GRRRRRRRRRRRRRRRRR You are so irritating. keep ignoring my smses. why do I still love you so much regardless of this? WHYYYYYYYYYYYYYYYYY.

but seriously.

over the past few days, when I was shooting, I was not being focussed at all! I kept thinking about us. About the times we spent together and how it is really not possible to spend the equal amount of time together from now on... It seems like an impossible feat for us to ever get together again. which is QUITE AND DEFINITELY SADDENING NEWS TO ME. we can really only get together if we truly love each other. Which i believe you dont love me as much as before anymore. I really feel like letting go, but I cannot. wth is wrong with me. Why is it so hard? WHY!!!!!

sigh. i still love u. :(

Sunday, September 5, 2010

i passed you a gift.

I am booking in again, passed my present for u to mari. Hope you will like ittt... :(

Saturday, September 4, 2010

you finally replied

Thank goodness you are alright. Although ur reply meant that we might not get to meet... but knowing that you are alright make me feel so much better....

wtf is wrong with meee!!!!

It is 8 am in the morning. Oh man, I am feeling so so so so damn worried now. I cant get through the phone to you and you are not replying... FREAK. Why am I torturing myself SO MUCH. I feel so horrible. you are probably okay. I wanna deliver breakfast to you but I am so scared you are not in, what can i do what can i do. I did a card for you, but will I be able to pass it to you? WHY AM I TORTURING MYSELF! WHY DO I CARE SO MUCH FOR?

More more!



we had so so so so so much memories i cannot believe that we forgot all that when we talk about breaking up.....

The feeling that we once had... can it be rekindled?

The making of...


I am starting on the video for your birthday! :) Look what I found! omg. when did we take this :)

I did so many stupid things for you.

Omg, as I look back, I realised that I did a lot of dumbass things for you. It seemed so ridiculous to me now that I feel really dumb thinking it was romantic to you. I am so so so so retarded. I cant believe it!

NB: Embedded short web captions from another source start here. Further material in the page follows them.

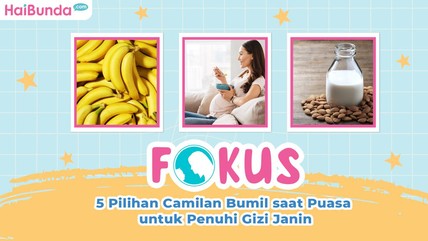 Detik Network
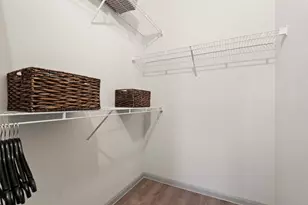 1101 Halsey Dr, Leander, TX 78641 - Photo 19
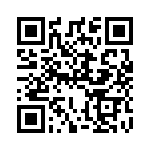 SBL1630CT QRCode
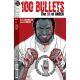 100 Bullets The Us Of Anger #1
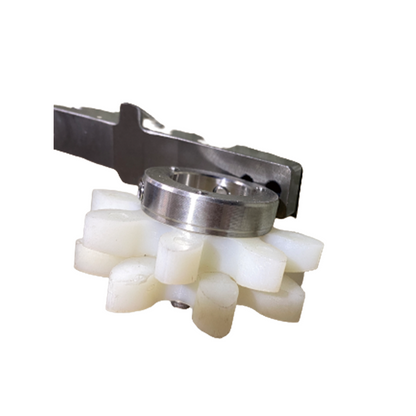 fuchuang Anode vacuum tube 3A(Please consult customer service for pricing)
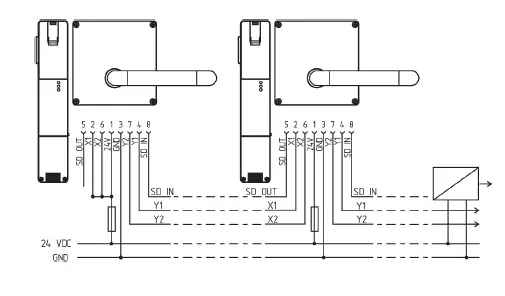 GIGABYTE-H510M-A-Motherboard-FIG- (9)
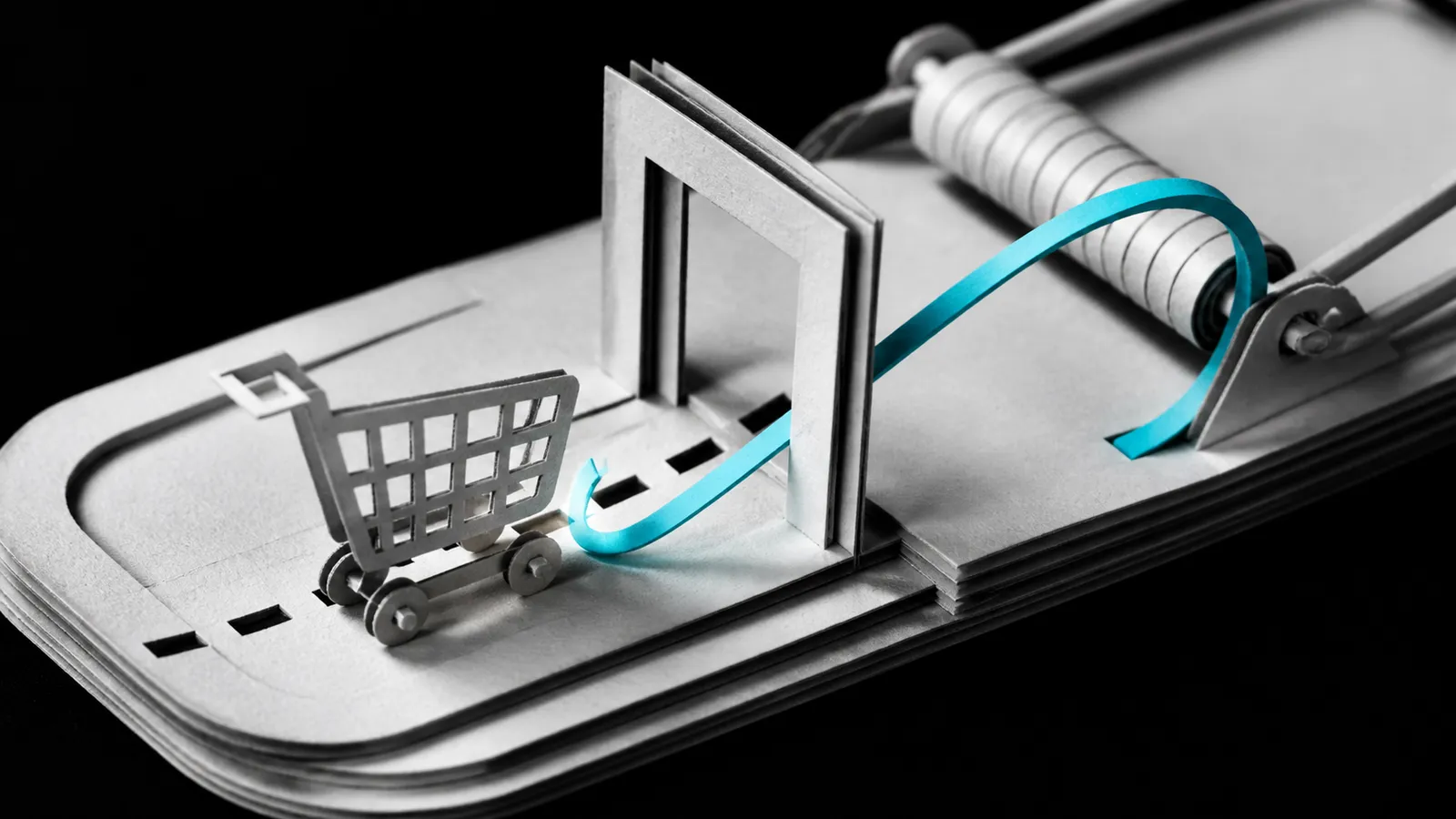 Retargeting Dasar: Cara Nyusulin Orang yang Udah Lihat Iklan Tapi Belum Beli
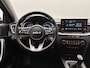Kia Ceed Sportswagon 1.0 T-GDi DynamicLine | 1e Eigenaar |Apple/Carplay | Climate/control | Dealer Ondr.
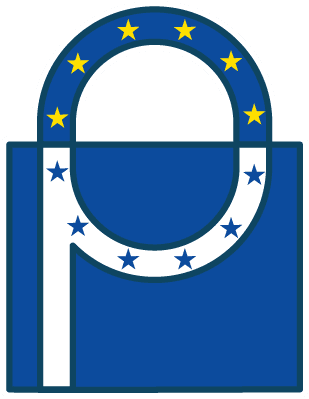 gdpr-lock.png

No wonder you choose to leave.. haha


Look at this. our 50th day video. WTF i am so embarrased of myself :(

I LOVE YOU, VICTOR! <3 <--- this was your reply :( hahahha shit.

Its so hard sometimes


Sometimes, I really wish that I can forget you totally, but it is really so so so hard sometimes. I should move on with my life. I am glad I am not disturbing you though I am under so much pain. At least you are leading ur life well and okay. At least you are happy studying without me giving you any disturbance or pressure in any way... But why must love be so painful for one side. Sigh I wish things were like the past, I wish I know what is happening in your life. BUT WHY DO I LOVE U SO MUCH.